The expected output is the full set of entries, retyped verbatim, pictures excluded.
(Supplied material)
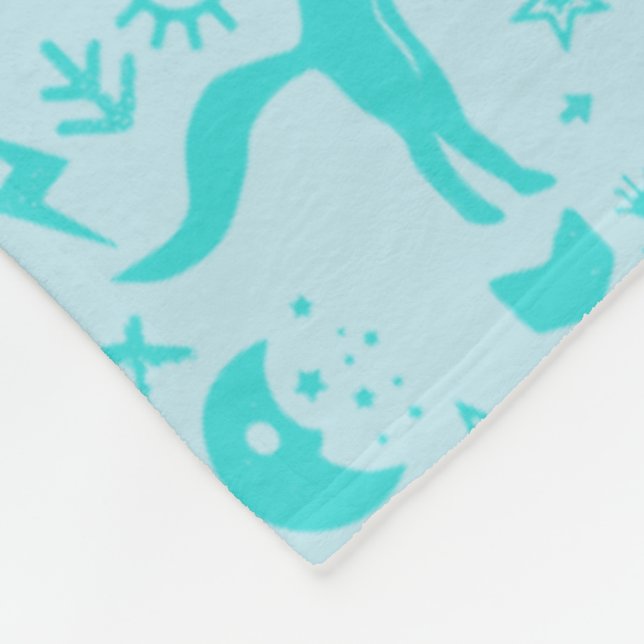 Mint Owl Bear Deer Fox Woodland Creature Pattern Fleece Blanket (Corner)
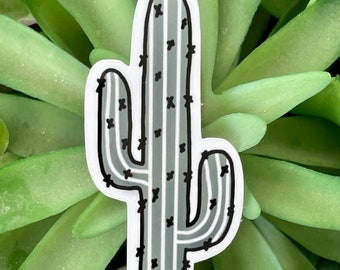 Saguaro Cactus Vinyl Sticker, Water Resistant, Laptop and Water Bottle Sticker, Notebook Sticker, Cactus Desert Decal, Plant Lover Gift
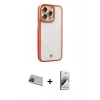 MARSİLYAN™- iPhone 13 Pro Max Kılıf Çekirdek Klasik Serisi - Siyah Bilvis 3D Mat Cam Ekran Koruyucu + Mavi Rainbow Kamera Lens Koruma Cam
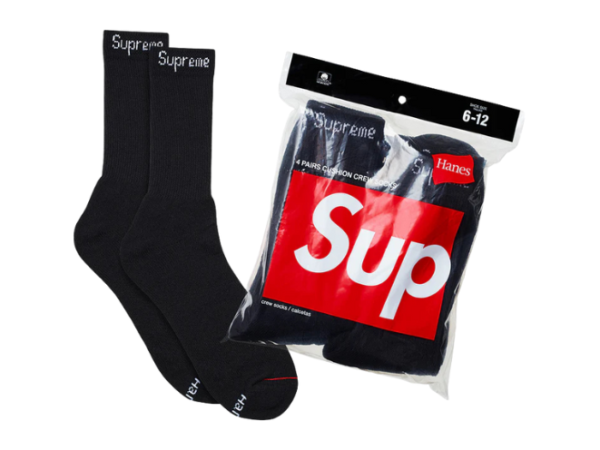 Supreme Hanes Crew Socks (4 Pack) Black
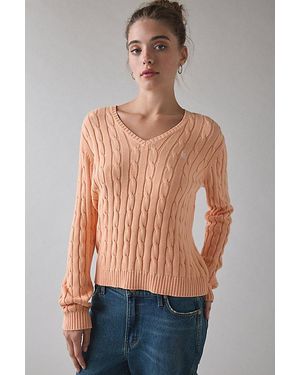 Vintage & ReMADE by UO Vintage By Uo Bleached Cable Knit V-Neck Sweater - Multicolour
(End Supplied material)
Solution to the problem ▸
 Mint Owl Bear Deer Fox Woodland Creature Pattern Fleece Blanket (Corner)
 Saguaro Cactus Vinyl Sticker, Water Resistant, Laptop and Water Bottle Sticker, Notebook Sticker, Cactus Desert Decal, Plant Lover Gift
 MARSİLYAN™- iPhone 13 Pro Max Kılıf Çekirdek Klasik Serisi - Siyah Bilvis 3D Mat Cam Ekran Koruyucu + Mavi Rainbow Kamera Lens Koruma Cam
 Supreme Hanes Crew Socks (4 Pack) Black
 Vintage & ReMADE by UO Vintage By Uo Bleached Cable Knit V-Neck Sweater - Multicolour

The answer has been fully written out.